We have long suspected from laboratory measurements, theory, and models that methane is an important greenhouse gas. Our work directly measures how increasing concentrations of methane are leading to an increasing greenhouse effect in the Earth’s atmosphere.
Dan Feldman, Lead Author & Berkeley Lab Research Scientist
Greenhouse gases are those that trap heat in the atmosphere, predominantly because they absorb specific wavelengths of energy emitted by the Earth. When there is a change in their atmospheric concentrations, the scientific community anticipates that the amount of energy absorbed by these gases will change accordingly; however, before this research, that anticipation for methane had not been confirmed outside of the laboratory.
The researchers investigated highly calibrated long-term measurements to segregate the varying greenhouse effect of methane. They performed this by analyzing the measurements over the wavelengths at which methane is understood to apply its greenhouse effect and combined those with a series of other atmospheric measurements to control for other confounding factors, such as water vapor.

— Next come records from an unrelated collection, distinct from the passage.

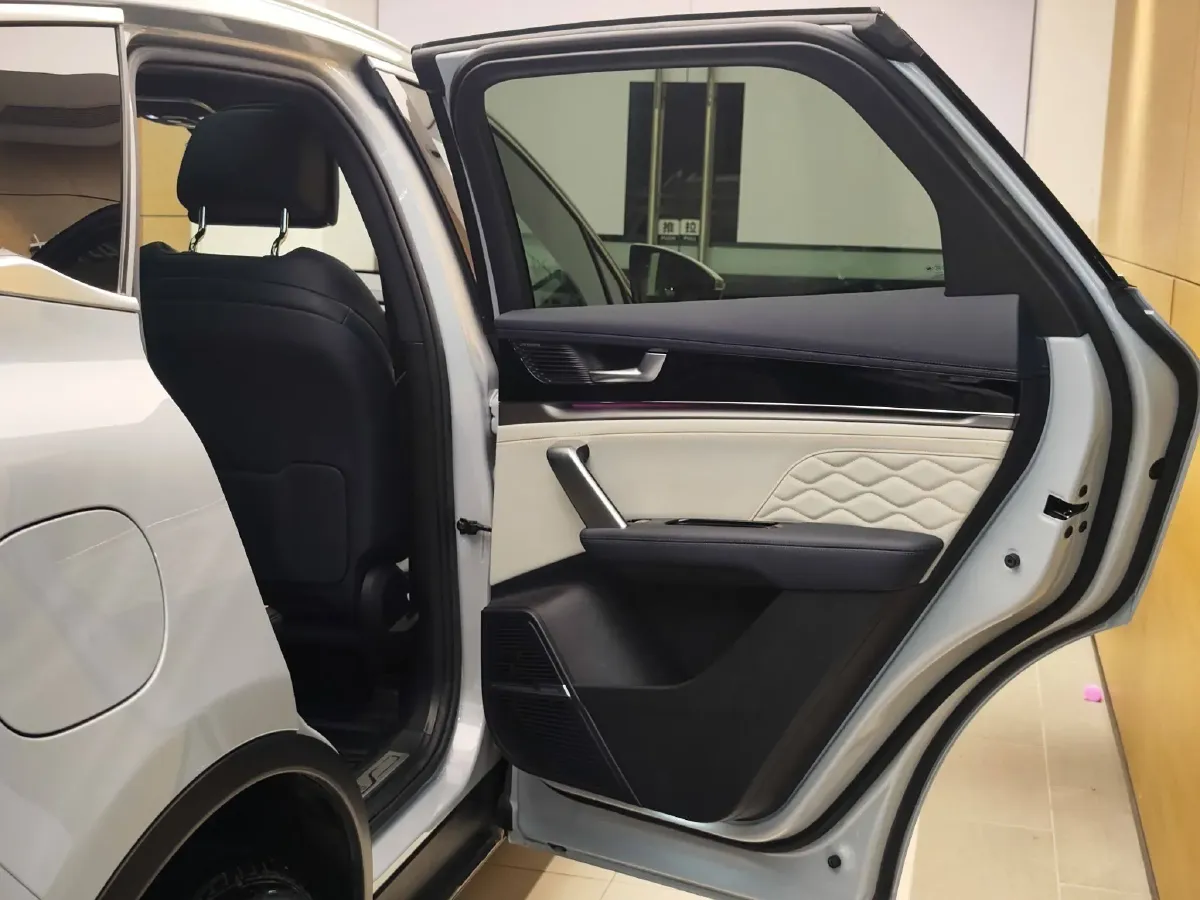 2024 BYD Tang 1.5T 139HP L4 E-CVT PHEV 45.8KWH,autocango,china used car exporter,china ev exporter,chinese used car exporter,chinese used ev exporter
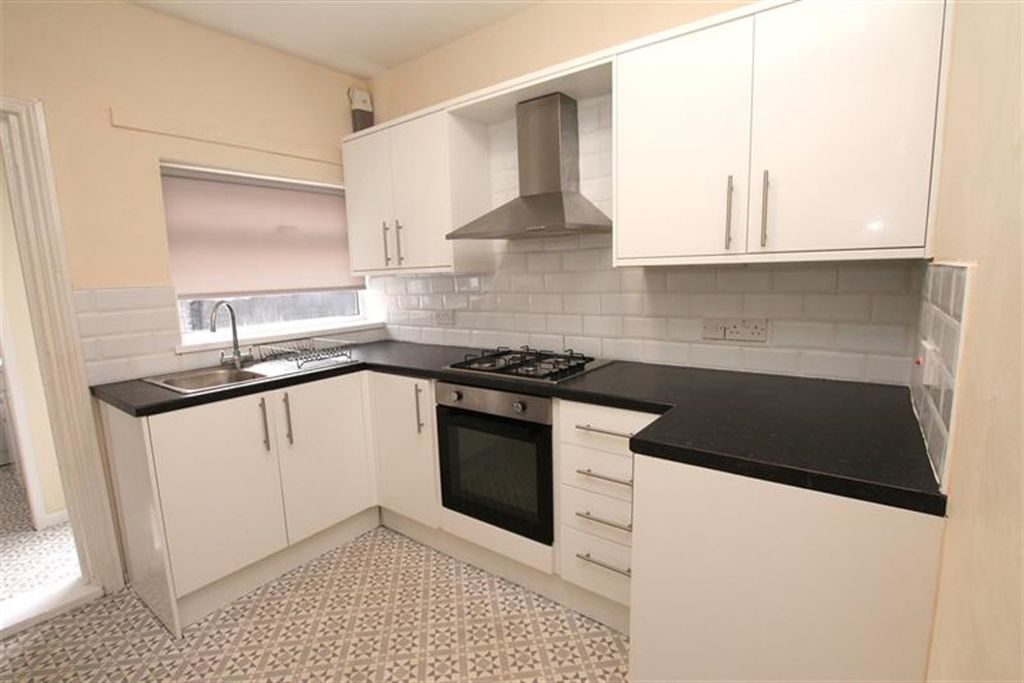 Property photo 2 of 20 Kitchen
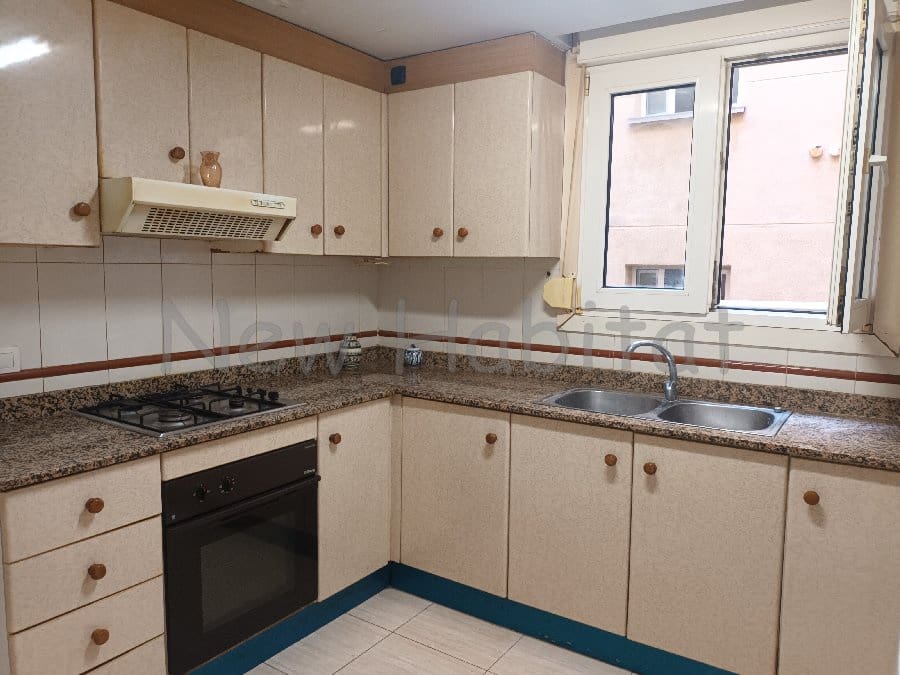 4 bedroom Flat for sale in Castello de la Plana with garage - € 169,000 (Ref: 9961082)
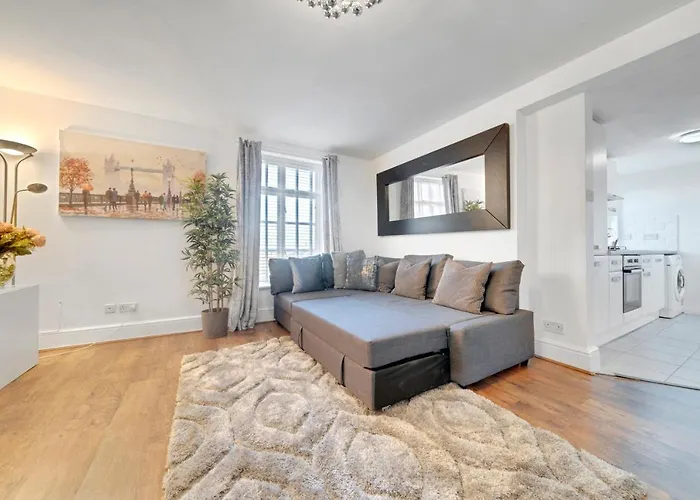 Modern Deluxe 2 Bedroom Apartment In Canning Town Excel Centre
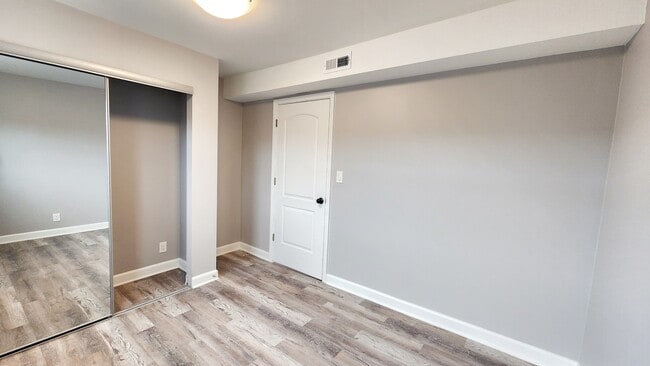 Building Photo - 4045 N Moody Ave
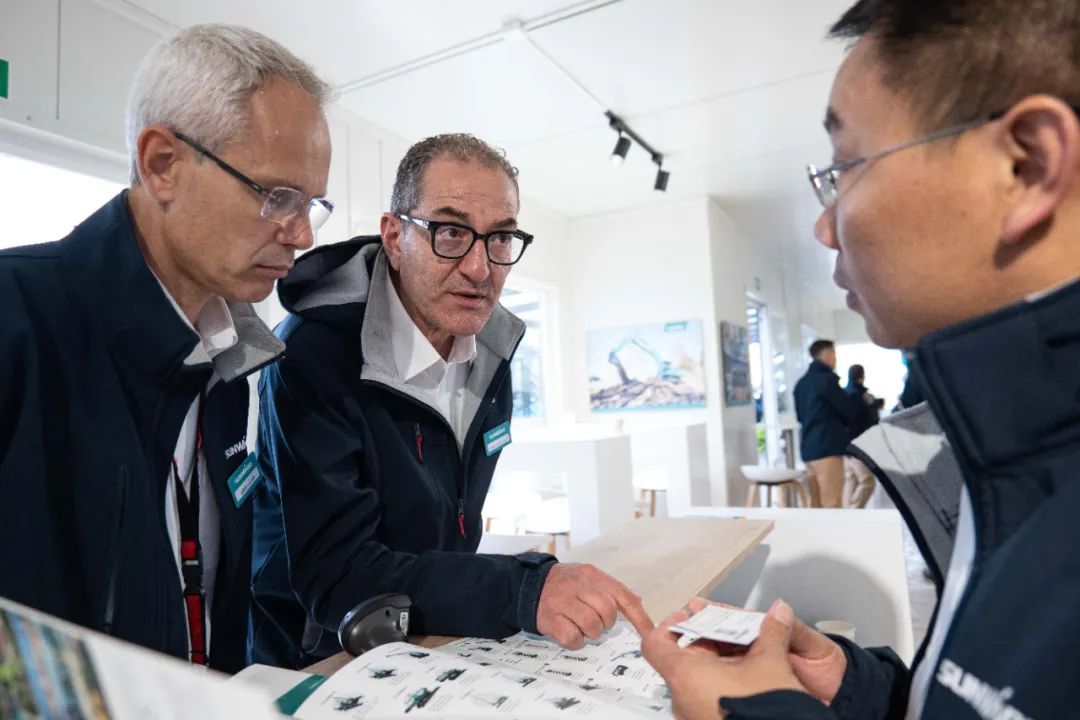 Bauma 2022 | 首次亮相，，，，，，，，龙8头号玩家智能高空机械受热捧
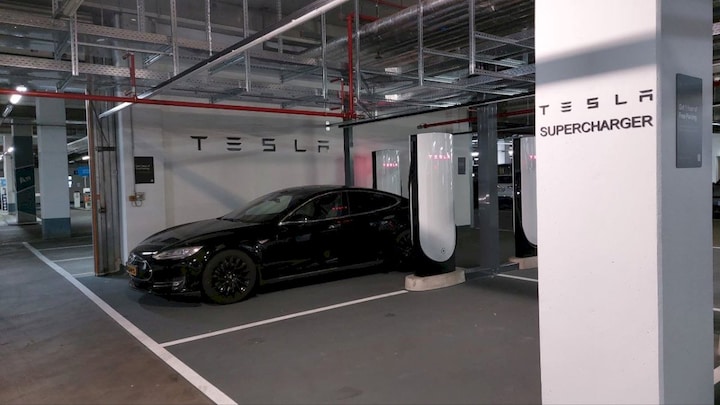 Tesla Model S 90D (2015)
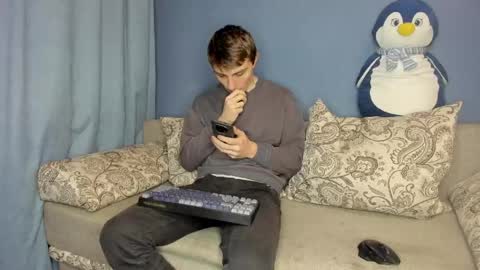 Snapshot of bristlebback chatting on May 17, 2026, 4:36 pm bristlebback online show from May 17, 2026, 4:36 pm
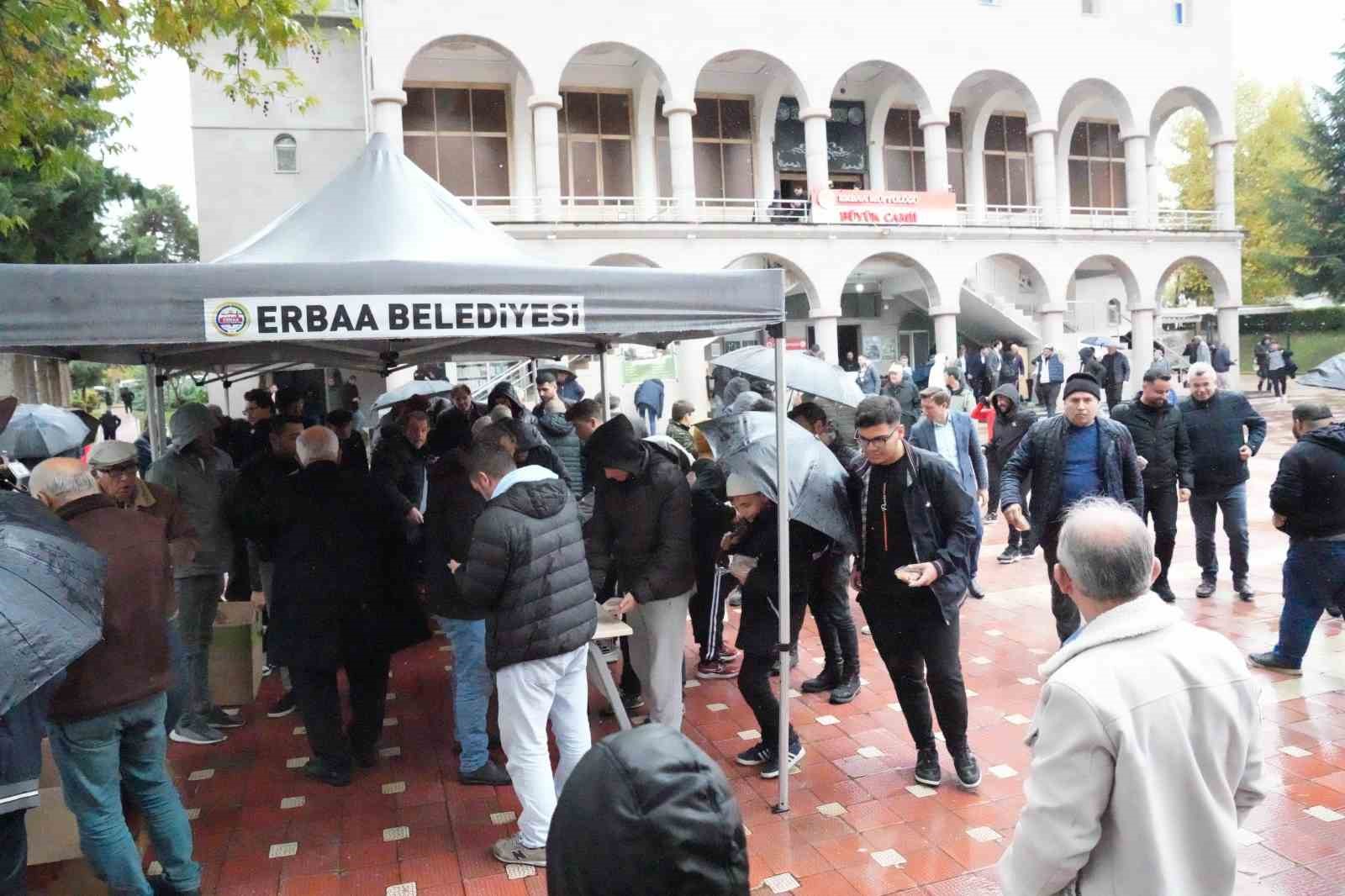 Erbaa Belediyesi şehitler için helva ikram etti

This research was enabled by the extensive measurements of the Earth’s atmosphere routinely gathered by the DOE for decades at its Atmospheric Radiation Measurement (ARM) facilities, and otherwise, would not have been feasible without such detailed observations.
The DOE ARM program supports and manages three long-term atmospheric observatories: the Eastern North Atlantic observatory on the Azores Islands, the North Slope of Alaska observatory in far-northern Alaska, and the Southern Great Plains observatory in Oklahoma. The program has also deployed three ARM mobile facilities and various ARM aerial facilities. Collectively, these assets allow researchers to conduct targeted and very detailed investigations to promote the basic scientific knowledge of the Earth system.
The scientists are confident that this kind of direct field observation can offer a complete and more exact picture of the way atmospheric greenhouse gas concentrations are associated with their warming effect on Earth’s surface.
The Department of Energy’s Office of Science funded this study.